--- Items listed in a dataset ---
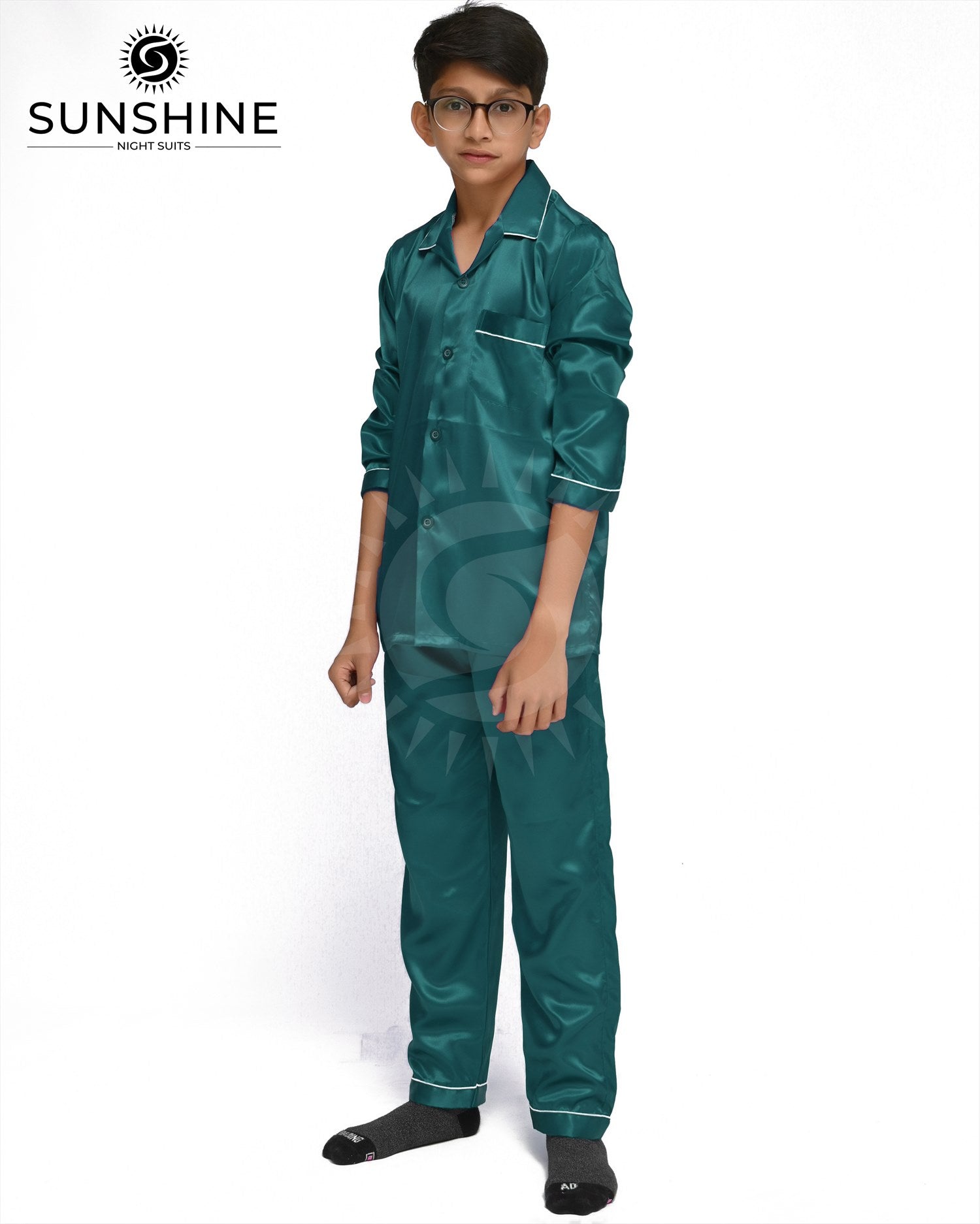 Teal Silk Nightwear For Boys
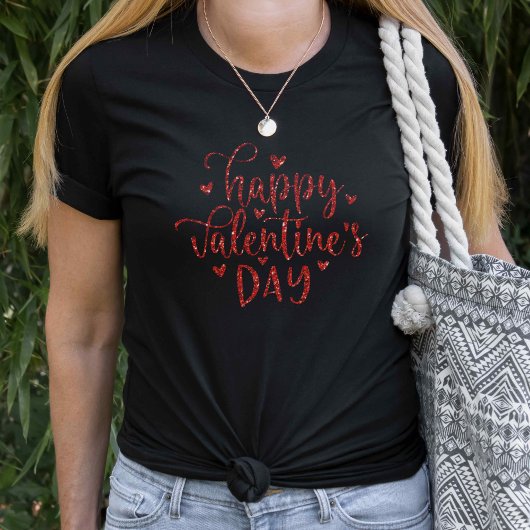 T-shirt Joyeux Valentines Jour Faux Parties scintillant ro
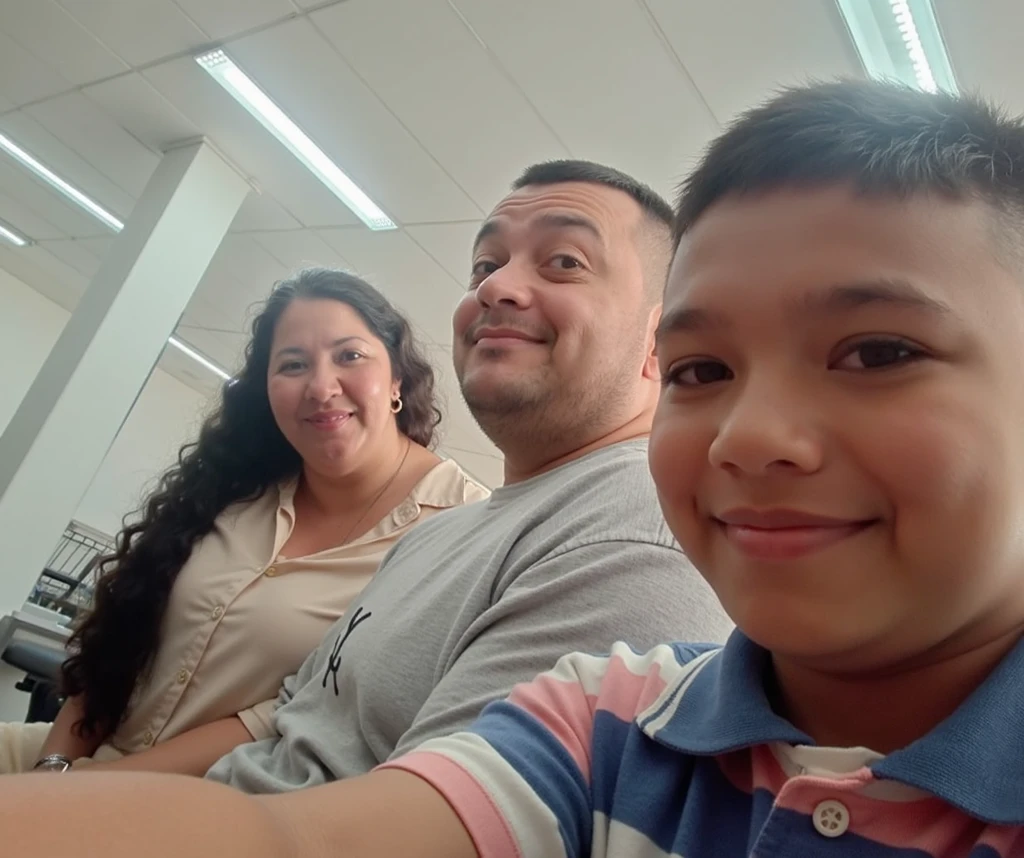 there are two adults and a child posing for a photo, of Nándor Katona, happy family, in Maceió, husband wife and son, in a mall, realistic photo,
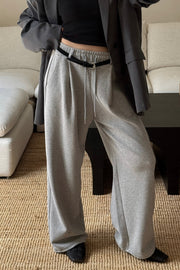 Belt Pleated Sweatpants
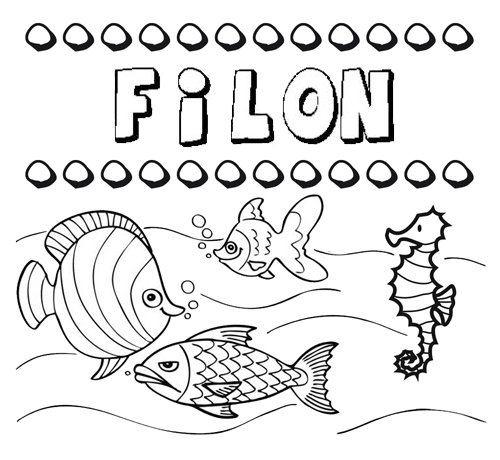 Desenhos do nome Filón para imprimir e colorir com as crianças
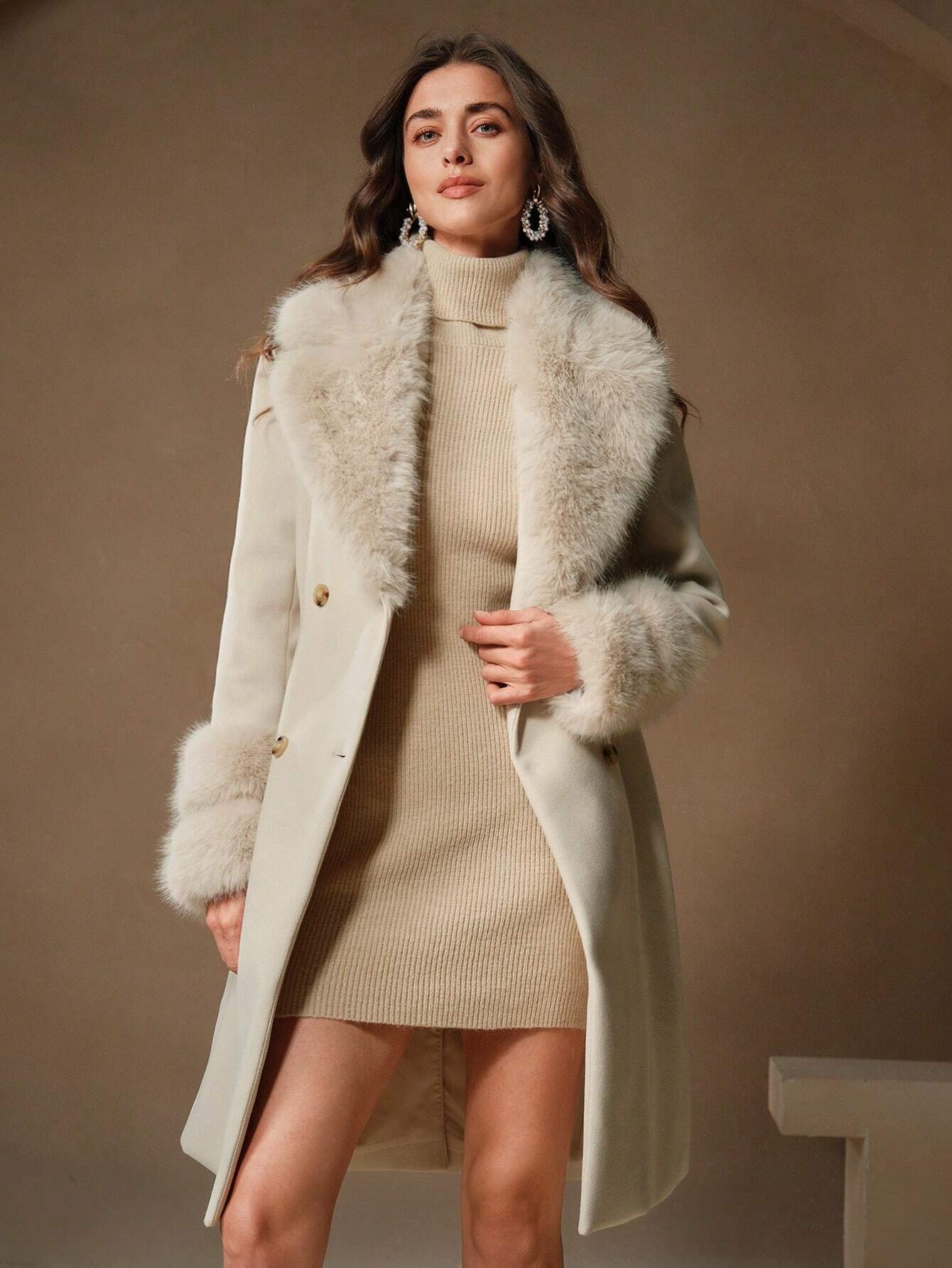 Havira's Long Wool Blend Coat with Faux Fur Collar and Belt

--- ABOUT THIS TASK ---
Copy nothing outside the span: please output the lines from the one with "Desenhos do nome" through the end of the entries above, and skip the pictures.

--- TASK OUTPUT ---
 Desenhos do nome Filón para imprimir e colorir com as crianças
 Havira's Long Wool Blend Coat with Faux Fur Collar and Belt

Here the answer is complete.